Exercise details ->
Using the data that follows, output only the lines from the line with "Dachshund dogs for" up to and including the line with "Nuevo avistamiento de", exactly, leaving pictures aside.

Records for this task ->

--- START ---

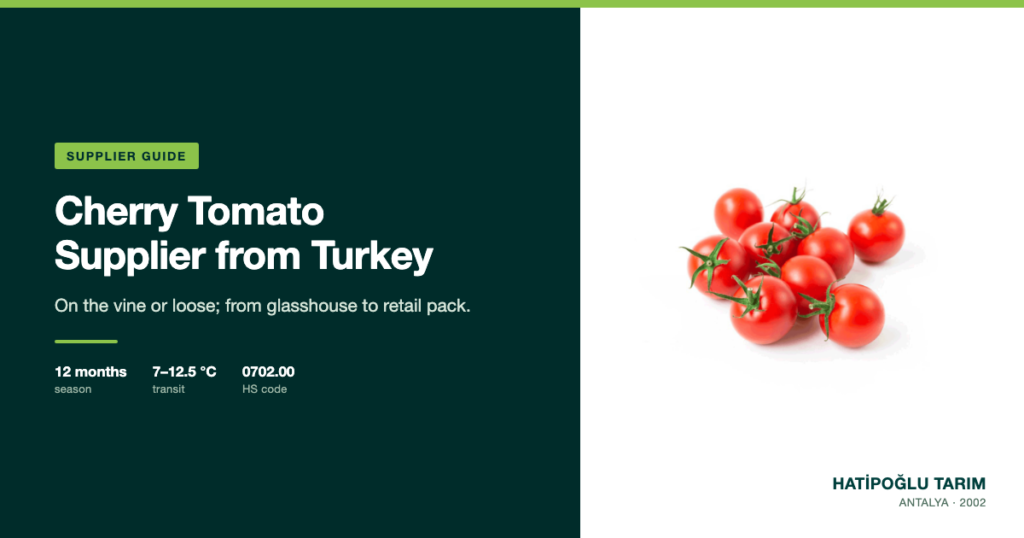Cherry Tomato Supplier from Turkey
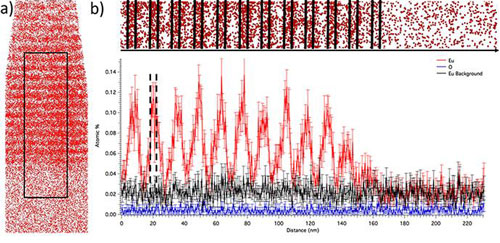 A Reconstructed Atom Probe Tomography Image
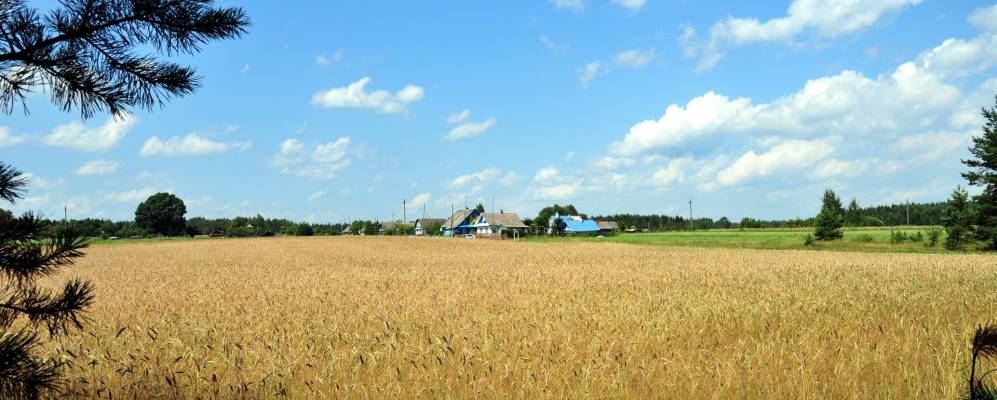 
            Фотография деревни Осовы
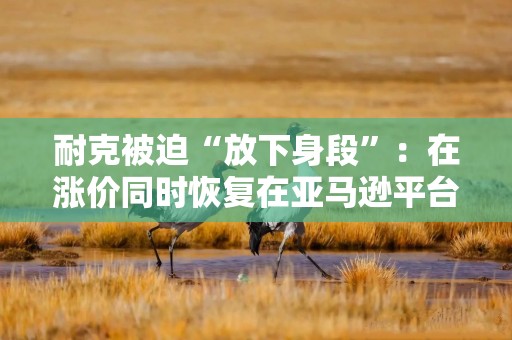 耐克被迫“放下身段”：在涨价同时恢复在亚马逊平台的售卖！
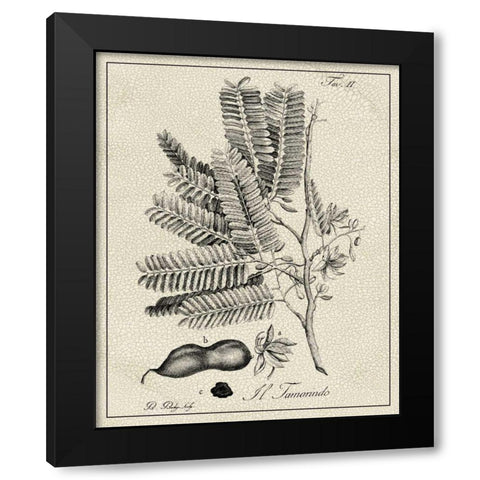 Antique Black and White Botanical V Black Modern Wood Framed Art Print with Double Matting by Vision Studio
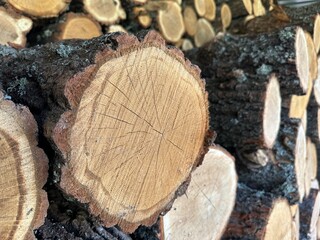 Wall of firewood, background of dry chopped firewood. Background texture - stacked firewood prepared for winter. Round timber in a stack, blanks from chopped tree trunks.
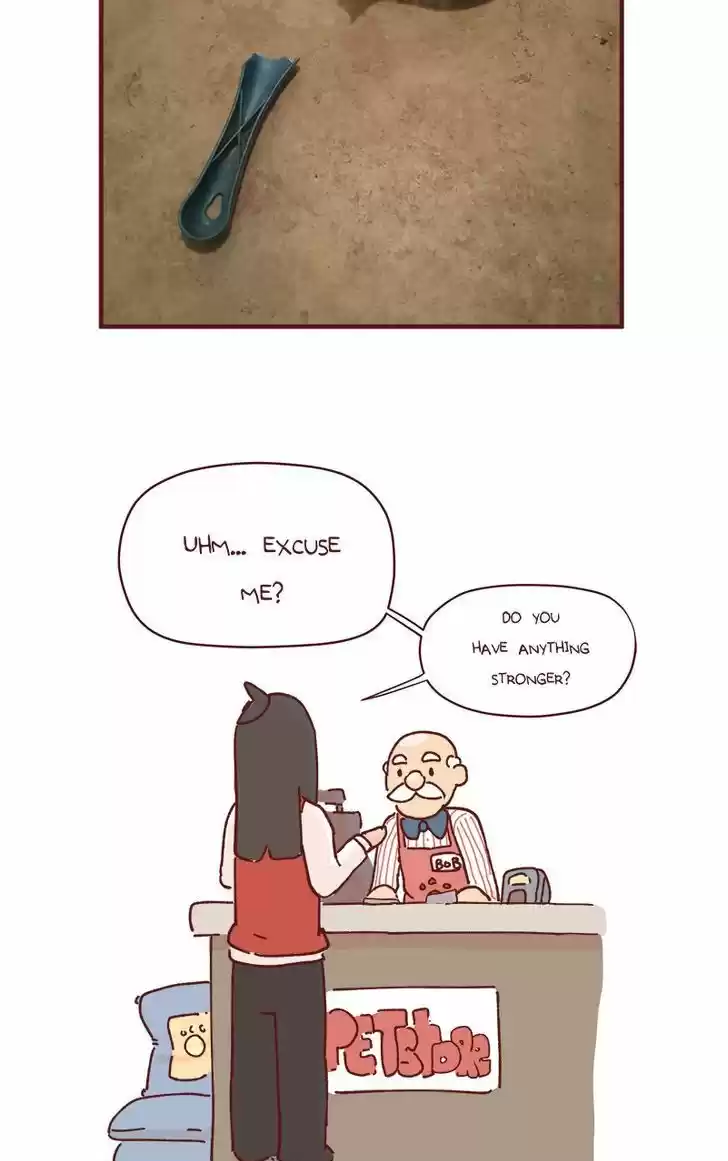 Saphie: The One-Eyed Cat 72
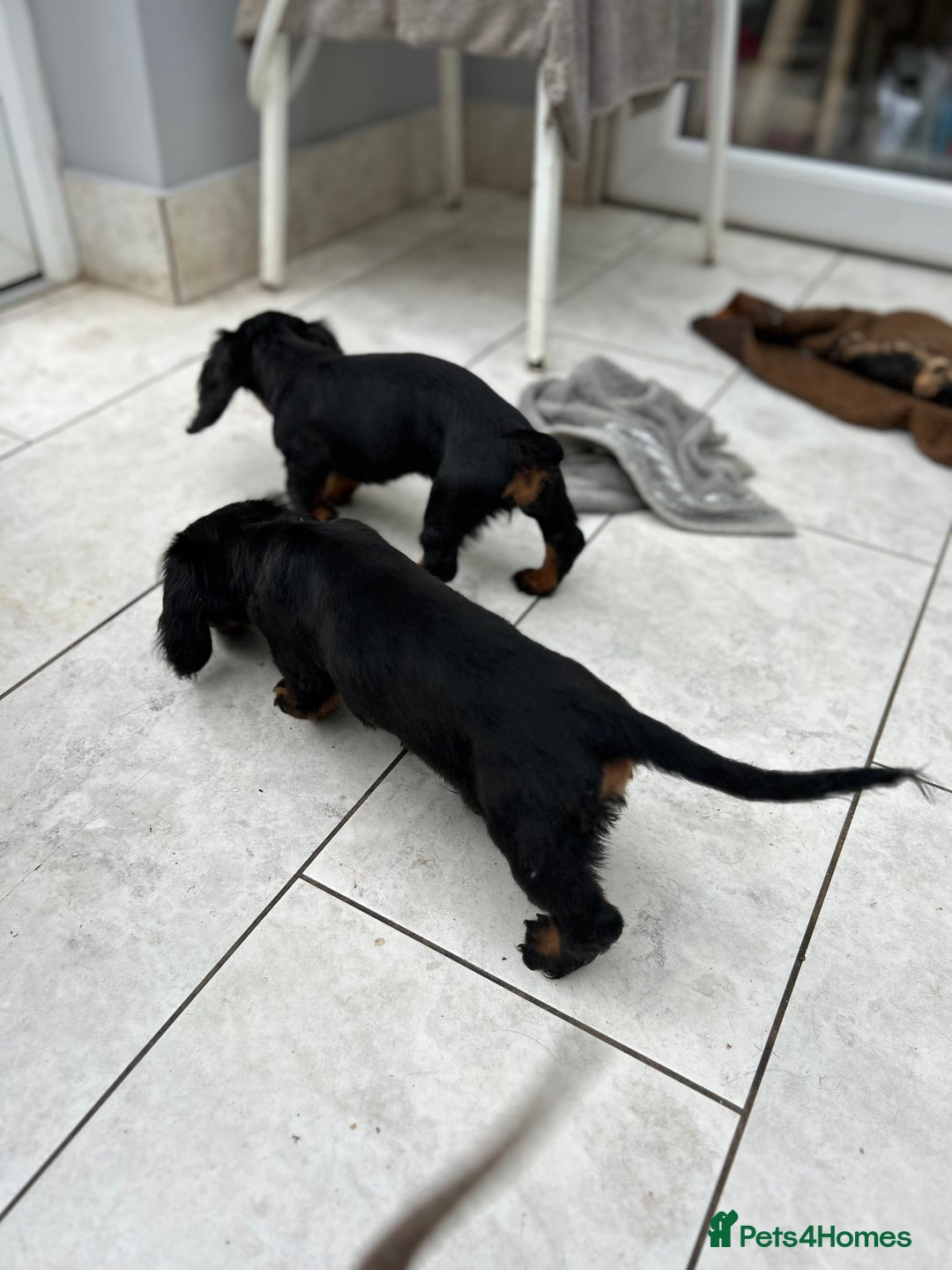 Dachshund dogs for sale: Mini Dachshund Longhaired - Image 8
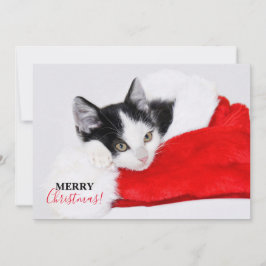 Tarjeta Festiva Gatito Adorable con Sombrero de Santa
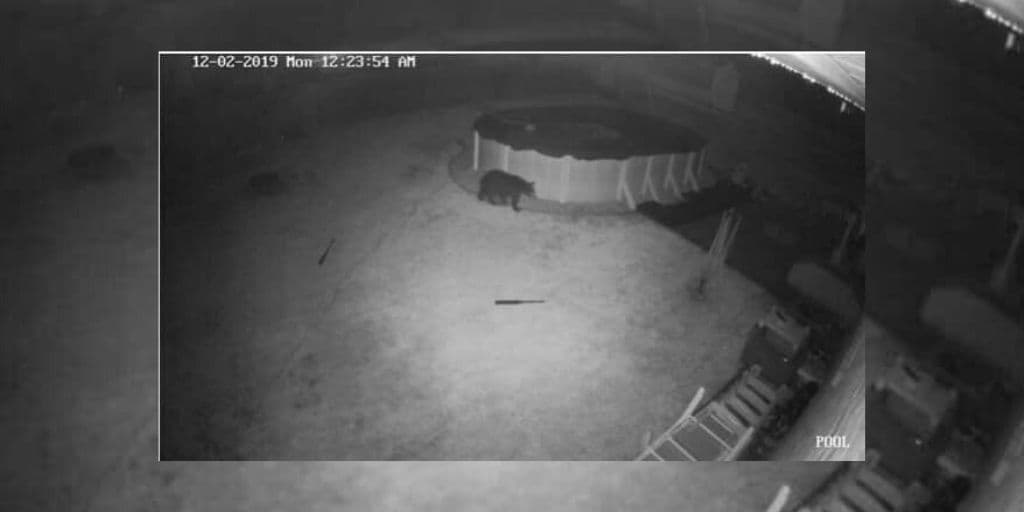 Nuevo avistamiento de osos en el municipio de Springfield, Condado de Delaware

--- END ---
--- START ---

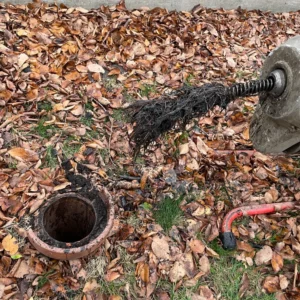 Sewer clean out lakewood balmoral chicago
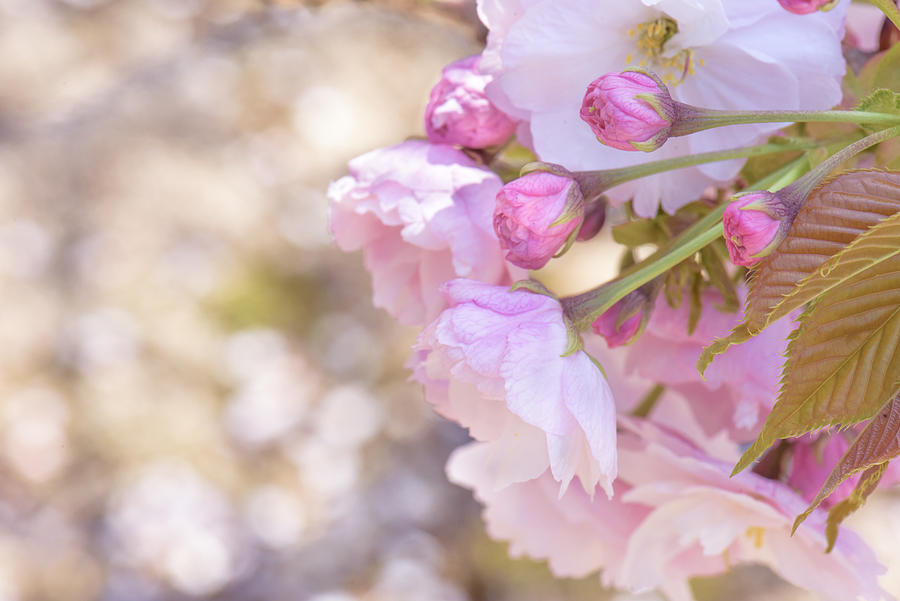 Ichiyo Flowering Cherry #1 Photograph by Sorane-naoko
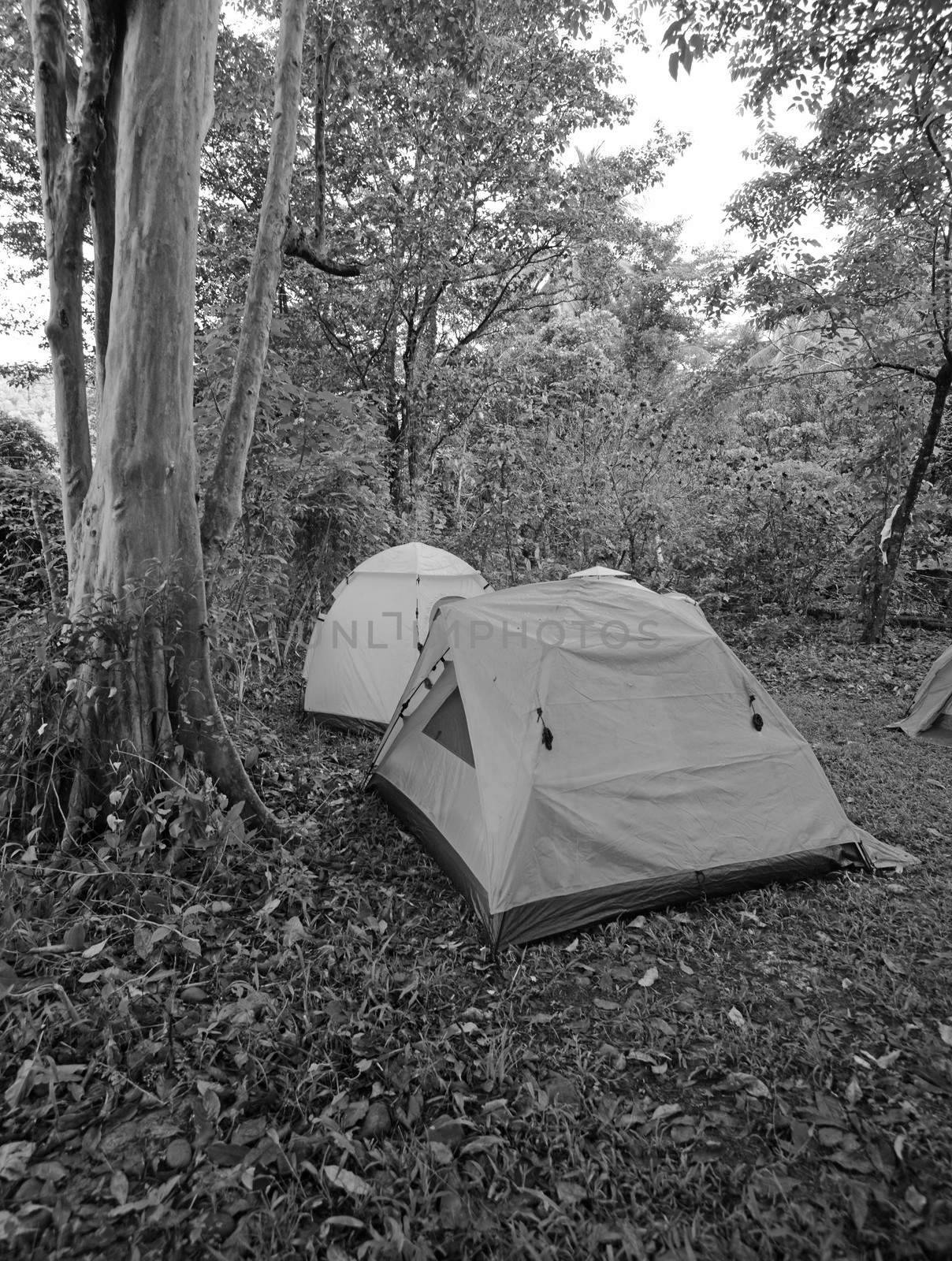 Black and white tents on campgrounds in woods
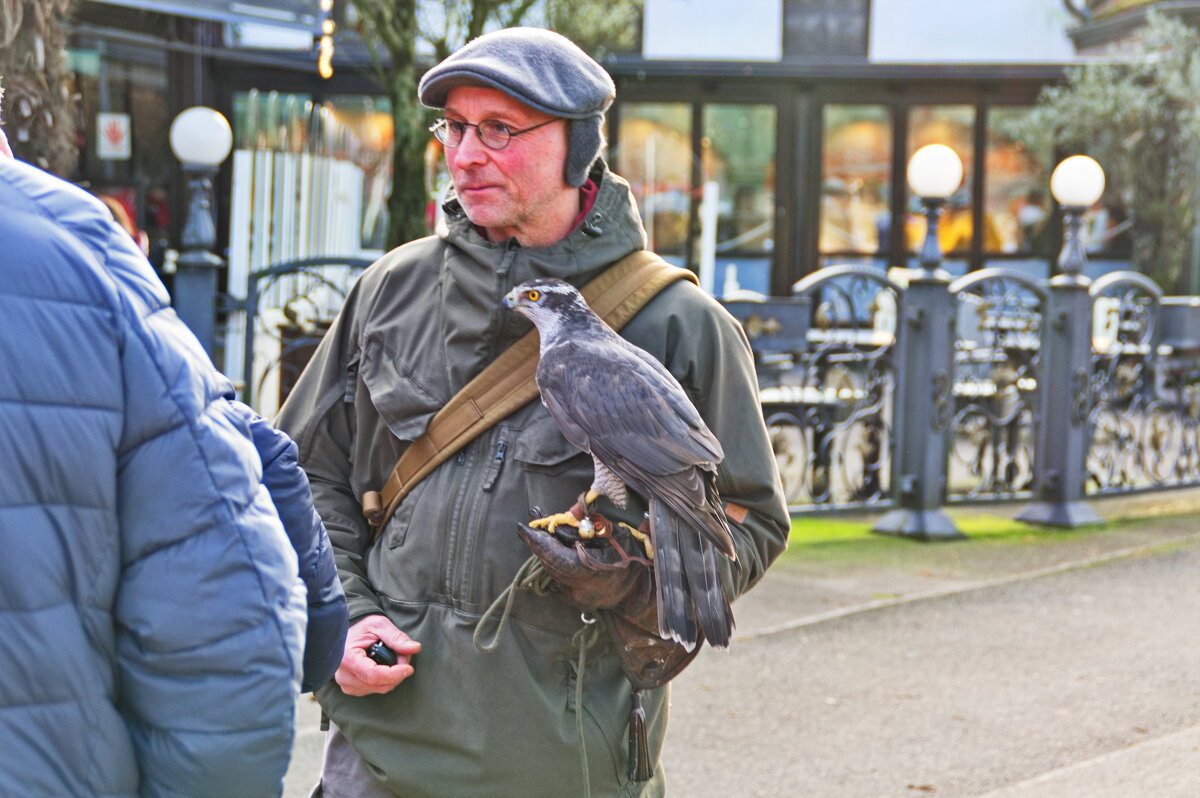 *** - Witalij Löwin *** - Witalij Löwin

--- END ---

Answer area ->
 Dachshund dogs for sale: Mini Dachshund Longhaired - Image 8
 Tarjeta Festiva Gatito Adorable con Sombrero de Santa
 Nuevo avistamiento de osos en el municipio de Springfield, Condado de Delaware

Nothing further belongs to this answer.